Direct capillary sequencing confirmed that the mutation segregates as expected across the last three generations, and it also confirmed the carrier (IV-6, IV-7, V-1, V-3) and noncarrier (III-4, IV-2, IV-4, IV-5, IV-8) status of all the living individuals within the pedigree. Subsequent cDNA analysis on patient V-2 showed an aberrant transcript 106 nucleotides shorter as a result of exon 5 skipping (Figures 2C and 2D). The predicted protein lacks 35 exon 5-encoded aminoacids and, because of frameshift, differs from the original protein sequence in the following 61 residues (p.Thr169IleFsX61) (Figure S2B).

We tested five atypical RTS patients and validated the association between C16orf57 and PN in the only patient reported to have the PN clinical hallmark of neutropenia. Indeed this nonrelated Italian female patient, who was diagnosed with RTS and myelodysplasia10 and tested negative for RECQL4 mutations (data not shown), was found to be a compound heterozygote for C16orf57 mutations. She carries a paternally inherited c.666_676+1del12 mutation in exon 6 and a maternally inherited c.502A>G missense mutation in exon 4, (Figure 2E). The c.502A>G mutation is absent in 175 matched controls and affects a highly conserved Arginine residue mapping within the conserved HVSL domain of C16orf57. The comparative aminoacid sequence analysis in HomoloGene and ClustalW showed complete conservation at position p.R168 in several eukaryotic species (Figure S3). cDNA analysis of the compound heterozygous patient resulted in the identification of two aberrant transcripts (Figures 2F–2I) with the in-frame skipping of exons 6 (paternal allele) and 4 (maternal allele). Mutated C16orf57 proteins lacking 28 (p.D204_Q231del) and 18 (p.F151_R168del) aminoacids are predicted (Figures S2C and S2D).

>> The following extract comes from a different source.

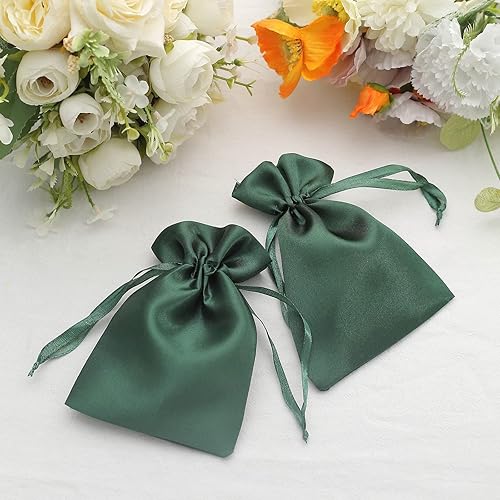 Miniatura 9 de Efavormart - 12 bolsas de regalo de satén verde esmeralda cazador, bolsa con cordón para regalos de boda, despedidas de soltera, bolsas de joyería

Little is known about C16orf57 or the functions of its encoded protein, but two independent studies revealed direct interactions between the C16orf57 and SMAD4 proteins,11,12 which are interconnected to RECQL4 through HADAC1, TP53, and/or RAD51 (Figure S4). The phenotypic overlap between RTS and PN can be partially accounted for by SMAD4-mediated signaling of C16orf57 to RECQL4. The fact that C16orf57 is significantly expressed in blood (myeloid lineage) might explain sensitivity to C16orf57 mutations leading to neutropenia and myelodysplastic features, which are distinctive signs of PN patients (1–4 and D.C., unpublished data).

The identification of a gene responsible for PN allows one to test for the C16orf57 mutation in all RECQL4-negative RTS patients fitting the PN clinical presentation, who are probably misdiagnosed, in order to provide adequate onco-hematological surveillance.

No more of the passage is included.